More than 80 percent of Obamacare-exchange customers qualify for federal tax credits that reduce their monthly premiums. And more than half of such customers additionally qualify for reductions in what they personally owe in out-of-pocket medical expenses.

However, both forms of subsidies are not available to people who buy individual health plans outside of the exchanges.

"Consumers may have to switch plans in order to avoid dramatic rate increases," Pearson said, "but competitive options should still be available in most regions in the U.S."

In the other study, the Urban Institute looked at average premium increases from 2015 to 2016 across the country's Obamacare marketplaces, and found that they "were highly variable from state to state and even within states."

Like Avalere, the Urban Institute's study focused on silver plan prices. The study, which was funded by the Robert Wood Johnson Foundation, found that just over 26 percent of people live in regions that saw average premiums for the lowest-cost silver plan rise by more than 15 percent.

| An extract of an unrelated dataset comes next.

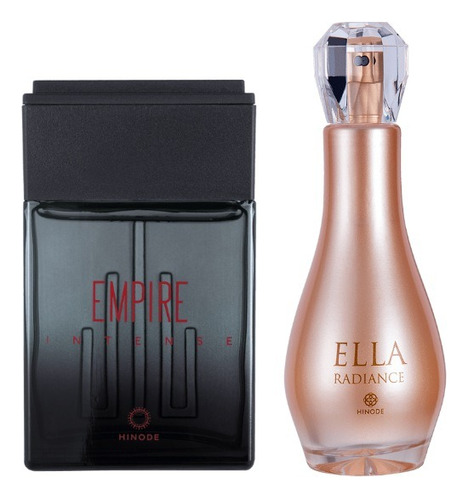 Kit Perfume Masculino Empire Intense Feminino Ella.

But a higher percentage of Americans, more than 29 percent, lived in a region where the the average premium for such plan actually declined last year.

"Another 19 percent live in rating areas with increases between 0 and 5 percent, and 16.1 percent live in areas with increases between 5 and 10 percent," according to the study.

The study noted that the range of increases spanned from a high of 41.8 percent in Oklahoma, to as low as a 12.1 percent decrease in Indiana.

"We conclude that a national average of premium increase is a fairly meaningless statistic, since different markets are having very different experiences," the authors of the study wrote.

Kathy Hempstead of the Robert Wood Johnson Foundation said that as premium rate filings for next year are announced, "We will continue to see a lot of regional variation in proposed increases."